Un tío de Karl von Lubomirski, el príncipe Oskar Kasimir von Lubomirski (a pesar de estar arraigados en el Tirol, conservaban aún nombres tradicionales polacos, como Kasimir), no siguió la tradición militar, pero no le faltó valentía. Se casó con una judía, Rose, a la que convirtió en princesa -supongo que sin gozar del entusiasmo de ambas familias- y decidió no sólo no repudiarla durante el nazismo, sino que la acompañó voluntariamente a Dachau. He encontrado en Internet una fotografía de la lápida de la tumba de ella. Como le dijo Karl Lubomirski a M.: “Er war ein sehr feinen alter Herr”. “Un viejo señor de calidad”. Eso mismo diría yo de su sobrino, Karl von Lubomirski, un austrohúngaro de calidad.

Cristo tal vez
de vuelta para bajarle de la cruz
lavar sus heridas
suturar, ungir
vestirlo
pedir perdón
sentarse junto a él bajo un árbol
escuchar
y preguntar
dónde ha estado tanto tiempo.

En estos momentos de mi diario, me siento como Luis García Berlanga, quien no descansaba hasta que lograba colar en sus películas la palabra austro-húngaro. Yo ya habría cumplido con su propósito, pues compartí mesa y conversación con el último austro-húngaro, un auténtico personaje de Joseph Roth, y yo me sentí como un personaje más de la La Marcha Radetzky. Y además he logrado meter de matute, una vez más, un par de páginas en estos diarios sobre Polonia, uno de mis amores más cronorresistentes.

Al terminar la comida, ser espetados y despedirnos de los von Lubomirski, ya en la plaza, tuvimos que recurrir prácticamente a la fuerza física para impedir a Triple que fuera a enfrentarse con los camareros y reclamarles la cuenta. Supongo que eso es lo que hay que hacer, reclamar, cuando te la meten doblada, pero tanto a mí como a M. –lo comprobé en aquella ocasión- este tipo de situaciones nos abochornan doblemente: en primer lugar, por la constatación sangrante de haber sido estafados; en segundo lugar, por la perspectiva de asistir a la reclamación. Un tanto violentos por la situación, M. nos llevó a ver aquella maravilla que yo contemplé en 2001, cuando visité Arezzo por primera y última vez.
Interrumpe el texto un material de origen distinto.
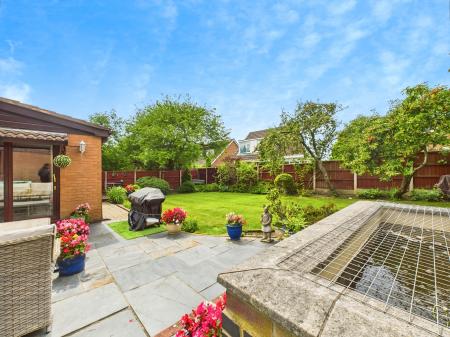 3 bedroom Semi-detached house for sale in Caunce Avenue, Haydock, WA11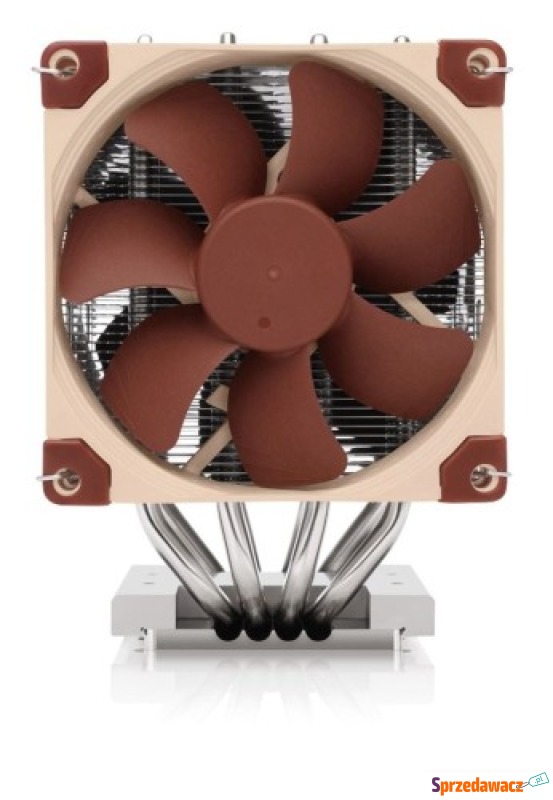 Chłodzenie CPU NOCTUA NH-D9 TR5-SP6 4U - Chłodzenie (Wiatraki,... - Jelenia Góra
Toscana. Año 1944. Un joven zapador sij del ejército británico se lleva en su motocicleta Triumph a su amiga, una enfermera canadiense, a ver algo que no olvidará el resto de su vida. En la escena de la película, la pareja llega al anochecer a la plaza de una villa italiana, donde está situada una iglesia. Yo aún no conocía Montepulciano, en cuya plaza está rodado el comienzo de la escena. Sin embargo, el interior de la iglesia no es el duomo de Montepulciano, sino la Iglesia de San Francisco de Arezzo, la de los prodigiosos frescos de Piero de la Francesca dedicados a La leyenda de la Santa Cruz. No les destripo la película. Se trata de El paciente inglés, parte de la cual está rodada en el escenario de nuestras hazañas estivales (Pienza, convento de Sant’Anna, Montepulciano, Arezzo, Villareggio, etc.). Si no la han visto aún, no sé qué están haciendo. De lo que sí puedo hablar es de la belleza que nos aguarda en la capilla mayor de la Basílica de San Francisco de Arezzo. El programa iconográfico de los frescos que cubren todos los lados y parte de las cubiertas de la capilla abarca prácticamente toda la historia de cabo a rabo de la salvación. La muerte de Adán. La adoración de la Cruz y el encuentro entre Salomón y la Reina de Saba. La elevación de la Cruz. La Anunciación. El sueño del emperador Constantino. La victoria de Constantino sobre Majencio. La tortura del hebreo. El descubrimiento de las tres cruces y la verificación de la Cruz. La batalla entre el emperador Heraclio y Cosroes. Todo un conjunto que uno se podría quedar admirando durante horas, como Anna, la joven enfermera canadiense, cuando el sij, con sus expertas artes de zapador, la subió con unas tirolinas y le dio a contemplar los frescos al alcance de la mano a la luz de las bengalas que encendió a tal efecto. Siempre recordaré la mirada extasiada contemplando tanta belleza de Juliette Binoche en aquella escena. El húngaro que se hacía pasar por inglés, en un viejo convento, que pudo haber sido la villa en la que Lorenzo el Magnífico se reunía con sus amigos, pensaba mientras tanto en una vida que ya no volvería. En una vida mejor. Soñé que llevaba a Katharine Clifton al desierto, a la cueva de los nadadores, donde está el libro comunal de la luz de la luna. Estábamos entre los rumores de los pozos, en el palacio de los vientos. El paciente inglés siempre esperará a K. en la cueva de los nadadores.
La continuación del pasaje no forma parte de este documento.